Start of Data shown

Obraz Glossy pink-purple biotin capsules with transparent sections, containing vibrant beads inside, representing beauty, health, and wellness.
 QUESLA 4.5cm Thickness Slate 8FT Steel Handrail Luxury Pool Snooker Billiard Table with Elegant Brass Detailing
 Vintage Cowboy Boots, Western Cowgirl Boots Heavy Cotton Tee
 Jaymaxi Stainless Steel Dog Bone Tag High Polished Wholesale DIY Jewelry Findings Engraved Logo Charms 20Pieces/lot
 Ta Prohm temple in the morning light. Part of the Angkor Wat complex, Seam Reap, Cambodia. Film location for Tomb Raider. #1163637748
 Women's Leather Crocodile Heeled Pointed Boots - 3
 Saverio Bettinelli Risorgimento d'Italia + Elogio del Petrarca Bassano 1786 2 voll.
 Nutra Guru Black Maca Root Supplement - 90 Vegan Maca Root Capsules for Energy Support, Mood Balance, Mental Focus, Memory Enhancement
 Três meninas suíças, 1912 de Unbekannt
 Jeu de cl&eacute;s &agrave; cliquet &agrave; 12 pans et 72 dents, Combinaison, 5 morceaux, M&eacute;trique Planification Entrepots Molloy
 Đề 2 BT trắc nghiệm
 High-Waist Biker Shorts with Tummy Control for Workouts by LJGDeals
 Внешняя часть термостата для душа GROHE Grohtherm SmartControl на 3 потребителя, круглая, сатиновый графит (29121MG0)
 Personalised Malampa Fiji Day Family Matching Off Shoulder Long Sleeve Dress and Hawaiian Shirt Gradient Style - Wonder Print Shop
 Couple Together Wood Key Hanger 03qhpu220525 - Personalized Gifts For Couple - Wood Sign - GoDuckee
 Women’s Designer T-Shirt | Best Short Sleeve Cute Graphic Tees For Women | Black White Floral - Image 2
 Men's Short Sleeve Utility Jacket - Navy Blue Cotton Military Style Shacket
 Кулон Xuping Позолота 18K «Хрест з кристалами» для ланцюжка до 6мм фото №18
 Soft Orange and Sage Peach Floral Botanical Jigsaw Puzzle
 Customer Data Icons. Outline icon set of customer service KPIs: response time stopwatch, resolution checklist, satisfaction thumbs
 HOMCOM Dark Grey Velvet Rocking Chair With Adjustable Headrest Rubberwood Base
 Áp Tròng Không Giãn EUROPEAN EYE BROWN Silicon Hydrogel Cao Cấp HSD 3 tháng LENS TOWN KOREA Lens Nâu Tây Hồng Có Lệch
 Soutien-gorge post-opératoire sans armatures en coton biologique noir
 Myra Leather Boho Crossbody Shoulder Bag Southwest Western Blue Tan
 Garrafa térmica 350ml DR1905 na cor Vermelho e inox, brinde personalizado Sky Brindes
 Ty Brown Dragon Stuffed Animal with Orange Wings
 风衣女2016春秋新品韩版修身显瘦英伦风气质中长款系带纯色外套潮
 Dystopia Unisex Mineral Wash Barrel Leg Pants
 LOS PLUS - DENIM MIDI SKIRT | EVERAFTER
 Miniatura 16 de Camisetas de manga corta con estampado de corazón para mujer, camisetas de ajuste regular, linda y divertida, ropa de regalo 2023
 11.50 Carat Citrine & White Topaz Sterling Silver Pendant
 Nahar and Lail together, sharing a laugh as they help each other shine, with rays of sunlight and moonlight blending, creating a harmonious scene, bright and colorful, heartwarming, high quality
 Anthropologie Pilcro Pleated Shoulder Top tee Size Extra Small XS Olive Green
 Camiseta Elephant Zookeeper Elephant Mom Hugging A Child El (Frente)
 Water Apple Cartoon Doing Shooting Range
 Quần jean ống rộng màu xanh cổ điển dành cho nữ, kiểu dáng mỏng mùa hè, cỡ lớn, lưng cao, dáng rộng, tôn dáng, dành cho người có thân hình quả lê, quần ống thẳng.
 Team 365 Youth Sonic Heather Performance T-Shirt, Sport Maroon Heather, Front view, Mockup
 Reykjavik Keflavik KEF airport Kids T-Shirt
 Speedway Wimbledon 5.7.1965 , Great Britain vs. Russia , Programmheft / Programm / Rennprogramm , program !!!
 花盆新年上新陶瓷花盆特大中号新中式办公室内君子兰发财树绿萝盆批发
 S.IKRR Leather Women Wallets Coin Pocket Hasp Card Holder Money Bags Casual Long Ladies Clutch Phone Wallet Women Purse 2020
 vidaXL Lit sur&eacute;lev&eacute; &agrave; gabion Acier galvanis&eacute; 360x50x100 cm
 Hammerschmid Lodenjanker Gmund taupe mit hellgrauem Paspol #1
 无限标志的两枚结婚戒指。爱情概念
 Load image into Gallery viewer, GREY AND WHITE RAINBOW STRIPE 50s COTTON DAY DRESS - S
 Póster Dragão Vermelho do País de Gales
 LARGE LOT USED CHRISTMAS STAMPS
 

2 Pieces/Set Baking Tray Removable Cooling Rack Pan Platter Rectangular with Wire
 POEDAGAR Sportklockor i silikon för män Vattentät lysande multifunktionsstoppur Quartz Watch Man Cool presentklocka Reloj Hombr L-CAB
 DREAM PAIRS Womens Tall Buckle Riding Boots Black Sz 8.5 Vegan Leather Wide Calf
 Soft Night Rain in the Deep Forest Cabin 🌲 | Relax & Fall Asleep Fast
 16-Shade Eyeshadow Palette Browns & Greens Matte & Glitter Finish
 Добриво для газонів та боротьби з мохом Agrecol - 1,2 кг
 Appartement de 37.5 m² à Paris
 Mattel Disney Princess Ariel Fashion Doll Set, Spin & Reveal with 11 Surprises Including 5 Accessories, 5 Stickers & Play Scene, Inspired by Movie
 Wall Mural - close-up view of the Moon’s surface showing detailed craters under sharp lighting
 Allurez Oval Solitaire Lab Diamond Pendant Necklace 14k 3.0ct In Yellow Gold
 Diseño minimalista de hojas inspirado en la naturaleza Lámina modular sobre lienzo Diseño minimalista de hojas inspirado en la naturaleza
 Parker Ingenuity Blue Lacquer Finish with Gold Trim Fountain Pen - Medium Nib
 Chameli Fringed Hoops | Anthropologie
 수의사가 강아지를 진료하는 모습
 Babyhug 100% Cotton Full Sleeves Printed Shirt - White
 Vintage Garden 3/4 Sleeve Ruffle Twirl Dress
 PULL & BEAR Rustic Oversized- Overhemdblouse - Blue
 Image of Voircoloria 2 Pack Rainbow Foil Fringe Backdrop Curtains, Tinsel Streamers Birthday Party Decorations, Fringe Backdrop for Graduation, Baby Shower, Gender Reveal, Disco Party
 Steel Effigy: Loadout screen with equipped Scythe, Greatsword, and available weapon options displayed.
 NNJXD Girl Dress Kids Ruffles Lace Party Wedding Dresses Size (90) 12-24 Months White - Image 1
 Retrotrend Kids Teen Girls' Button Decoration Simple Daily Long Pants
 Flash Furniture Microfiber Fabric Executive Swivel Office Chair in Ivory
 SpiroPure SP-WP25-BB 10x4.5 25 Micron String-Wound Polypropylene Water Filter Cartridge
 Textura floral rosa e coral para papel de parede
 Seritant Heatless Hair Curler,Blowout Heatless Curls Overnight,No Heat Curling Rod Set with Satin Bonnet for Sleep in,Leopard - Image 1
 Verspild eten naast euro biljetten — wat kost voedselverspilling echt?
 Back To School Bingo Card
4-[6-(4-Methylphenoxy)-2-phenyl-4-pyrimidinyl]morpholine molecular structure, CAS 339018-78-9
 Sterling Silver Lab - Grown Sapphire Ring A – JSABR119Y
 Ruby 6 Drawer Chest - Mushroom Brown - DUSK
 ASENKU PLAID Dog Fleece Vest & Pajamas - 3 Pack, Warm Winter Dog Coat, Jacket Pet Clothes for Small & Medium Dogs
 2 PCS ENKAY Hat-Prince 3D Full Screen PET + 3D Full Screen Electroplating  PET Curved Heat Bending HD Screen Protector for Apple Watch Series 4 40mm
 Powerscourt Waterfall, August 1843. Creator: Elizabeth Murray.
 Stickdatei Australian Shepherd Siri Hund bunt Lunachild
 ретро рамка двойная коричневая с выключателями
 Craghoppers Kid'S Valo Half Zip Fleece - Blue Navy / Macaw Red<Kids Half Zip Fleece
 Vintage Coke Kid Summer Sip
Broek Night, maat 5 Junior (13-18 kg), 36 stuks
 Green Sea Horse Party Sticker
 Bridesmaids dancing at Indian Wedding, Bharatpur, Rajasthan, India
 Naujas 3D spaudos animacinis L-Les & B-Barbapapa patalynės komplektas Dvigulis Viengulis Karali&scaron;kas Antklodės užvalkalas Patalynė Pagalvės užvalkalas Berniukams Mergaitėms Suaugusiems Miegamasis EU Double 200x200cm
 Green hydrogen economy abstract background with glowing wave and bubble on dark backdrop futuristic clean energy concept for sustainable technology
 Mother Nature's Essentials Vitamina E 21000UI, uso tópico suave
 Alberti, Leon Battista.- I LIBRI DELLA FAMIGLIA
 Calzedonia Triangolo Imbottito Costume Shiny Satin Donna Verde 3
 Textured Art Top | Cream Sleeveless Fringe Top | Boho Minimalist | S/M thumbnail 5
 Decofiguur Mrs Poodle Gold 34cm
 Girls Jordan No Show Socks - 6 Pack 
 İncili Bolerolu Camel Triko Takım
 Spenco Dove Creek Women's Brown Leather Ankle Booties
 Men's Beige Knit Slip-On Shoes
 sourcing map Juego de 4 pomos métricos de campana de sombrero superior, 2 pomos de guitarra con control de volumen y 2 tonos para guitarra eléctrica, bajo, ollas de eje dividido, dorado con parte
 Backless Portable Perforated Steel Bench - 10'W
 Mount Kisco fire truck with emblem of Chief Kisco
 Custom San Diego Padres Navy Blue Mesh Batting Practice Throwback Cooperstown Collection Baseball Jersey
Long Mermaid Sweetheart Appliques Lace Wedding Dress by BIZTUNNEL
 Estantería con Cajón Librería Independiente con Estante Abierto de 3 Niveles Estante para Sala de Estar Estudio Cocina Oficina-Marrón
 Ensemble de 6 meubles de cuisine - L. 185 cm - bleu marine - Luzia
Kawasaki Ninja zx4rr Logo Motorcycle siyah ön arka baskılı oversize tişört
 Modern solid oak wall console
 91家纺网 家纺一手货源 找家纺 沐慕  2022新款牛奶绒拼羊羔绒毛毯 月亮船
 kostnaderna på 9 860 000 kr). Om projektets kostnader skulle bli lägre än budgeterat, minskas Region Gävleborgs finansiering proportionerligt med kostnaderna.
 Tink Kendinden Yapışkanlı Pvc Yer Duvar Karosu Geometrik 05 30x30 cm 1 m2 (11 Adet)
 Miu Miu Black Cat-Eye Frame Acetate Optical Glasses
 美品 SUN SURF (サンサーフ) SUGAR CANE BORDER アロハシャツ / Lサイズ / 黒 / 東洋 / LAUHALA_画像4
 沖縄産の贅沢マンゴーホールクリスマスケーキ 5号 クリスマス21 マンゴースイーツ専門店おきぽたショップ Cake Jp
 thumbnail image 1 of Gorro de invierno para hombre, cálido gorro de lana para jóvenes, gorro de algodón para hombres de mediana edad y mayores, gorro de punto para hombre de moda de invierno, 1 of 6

End of Data shown

Assigned task: Looking at the records above, report how many lines contain the word "Pendant". Answer with the number only.

Reply: 2